Paul, as Hans and others have tried to point out, this is ridiculously
over the top and out of touch with reality. There is a huge difference
between using the Internet for the actual communication between two
*stations*, and using it as, in effect, an extra-long headphone cord.
73, Pete N4ZR
The World Contest Station Database, updated daily at www.conteststations.com
The Reverse Beacon Network at http://reversebeacon.net, blog at
spots at telnet.reversebeacon.net, port 7000
On 2/27/2011 9:30 AM, Paul O'Kane wrote:
> On 27/02/2011 06:33, K6VVA - Rick wrote:
>> With all the technological advances (like Remoterig) making hands-on (vs.
>> software) remote contesting possible, as many aging contesters get closer to
>> the days of QSY'ing to Assisted Living facilities or moving in with adult
>> children in antenna-restricted tract homes locations, going remote will be
>> the only hope many of our fellow contesters have of still staying in the
>> game to some degree.
> This is the "I'm special" argument all over again.
> I'm poor, I'm old, I'm sick, I can't learn morse,
> my QTH is too small, therefore I deserve to be
> treated differently from other contesters.
>> We are ALL going to die someday, which is why it is important to look for
>> new ways and new technologies to continue enjoying some of the things
>> important to us for as long as we can before the finality of going SK.
> We could apply the same argument to participants
> in any competitive activity and it would be just
> as irrelevant.

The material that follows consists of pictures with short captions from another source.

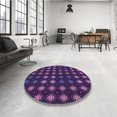 thumbnail image 4 of Ahgly Tapis de Zone Rond Lavable en Machine Intérieur Transitionnel Violet Violet, 7 Pieds Rond, 4 of 7
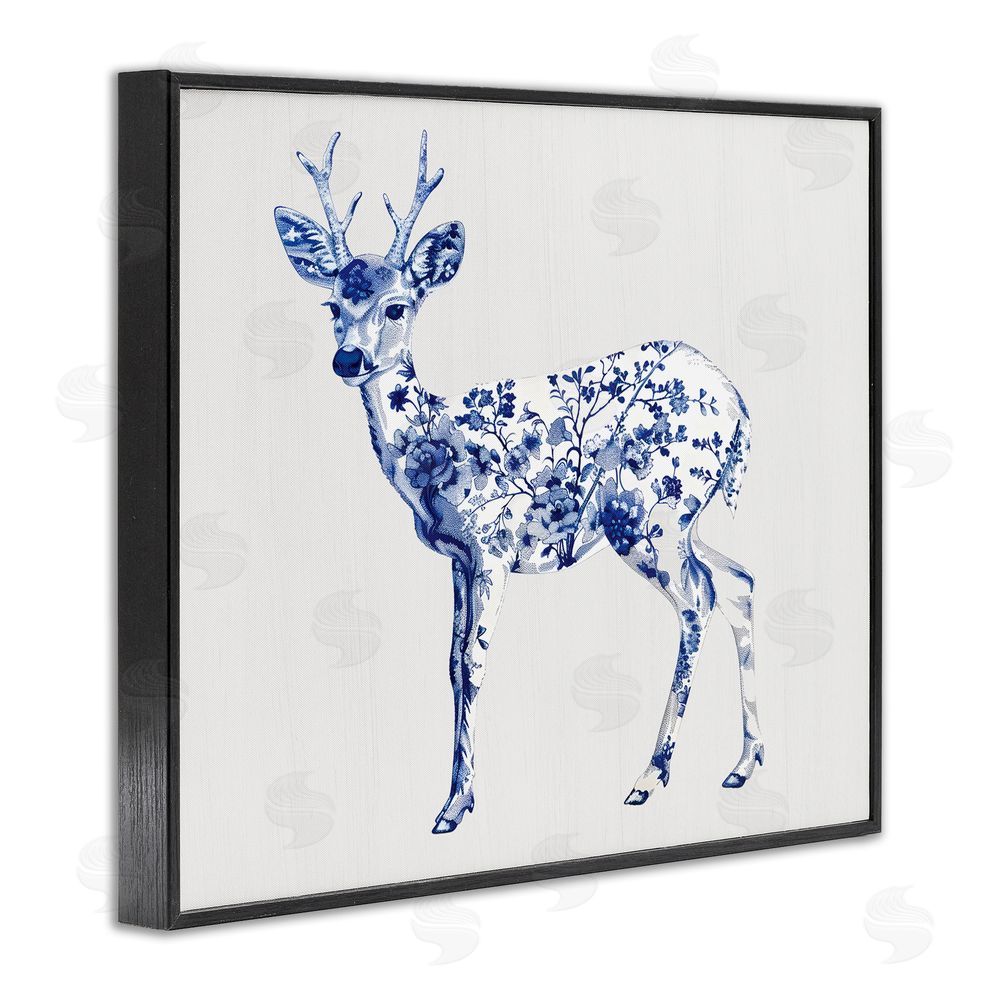 Lettered and Lined Graceful Toile Deer Black Framed Giclee Print Wall Art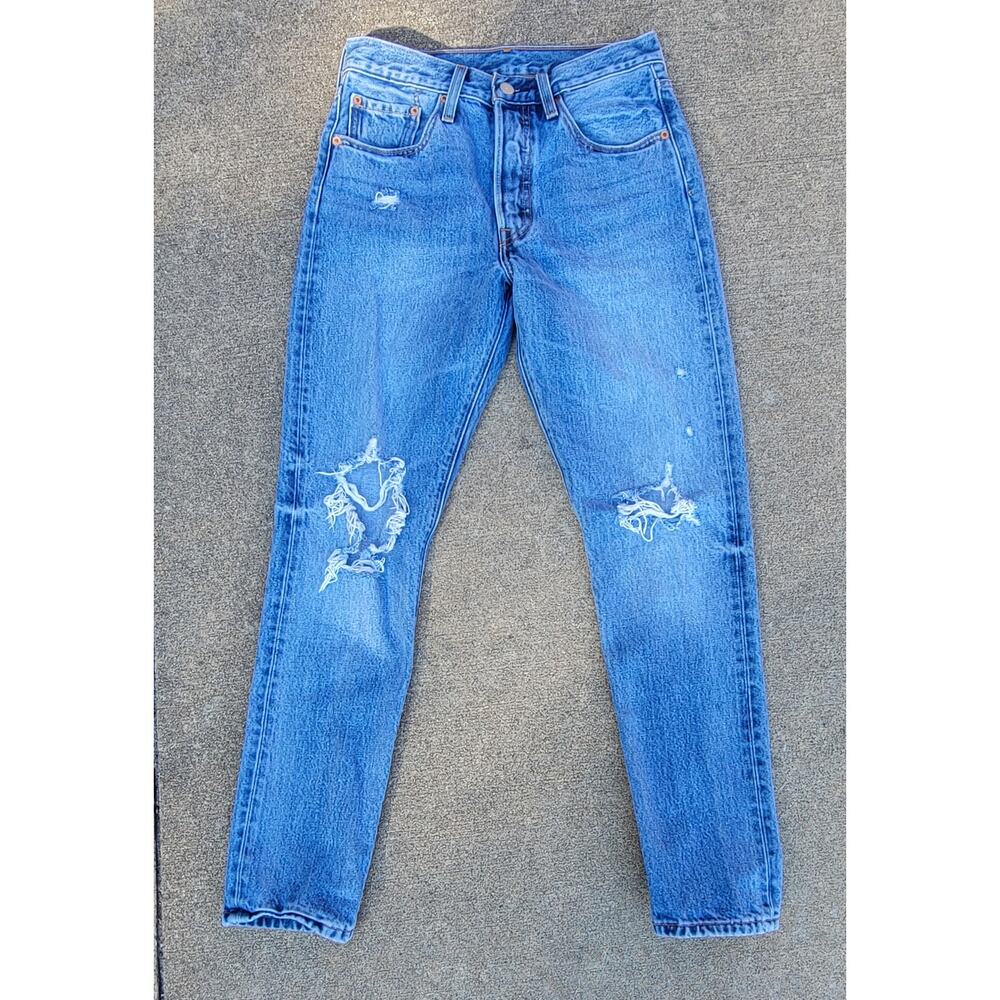 Levi's 501 Skinny Distressed Blue Denim Size 27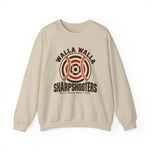 Walla Walla Sharpshooters Crewneck Sweatshirt in sand with the Walla Walla Sharpshooters logo, a bullseye target crossed by baseball stitching on the front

New technologies are appropriate
> only when they do not change the activity to the
> extent that its name should change.
> Aging marathon runners might take a ride for part
> of the course. The only problem is they would no
> longer be marathon runners.
> My objection to remote control in contesting is that
> it introduces something other than amateur-band RF
> (corresponding to the modes and frequencies of entry)
> in the signal path between the operators concerned.
> For some part of the path, some other communications
> mode or communications technology must be used,
> otherwise no QSO could take place. I'd like to
> emphasise that I'm referring only to what happens
> between station boundaries - within the station
> boundary (the 500-metre rule), anything goes.
> Now, some may insist that it is still amateur radio,
> but I know better :-) It can only be described as
> some form of hybrid communications. You may say it
> doesn't matter what I think. However, if you're
> using the internet (most likely) to make QSOs, and
> could not possibly have those QSOs without the
> internet, then you're doing something fundamentally
> different from me and most other contesters.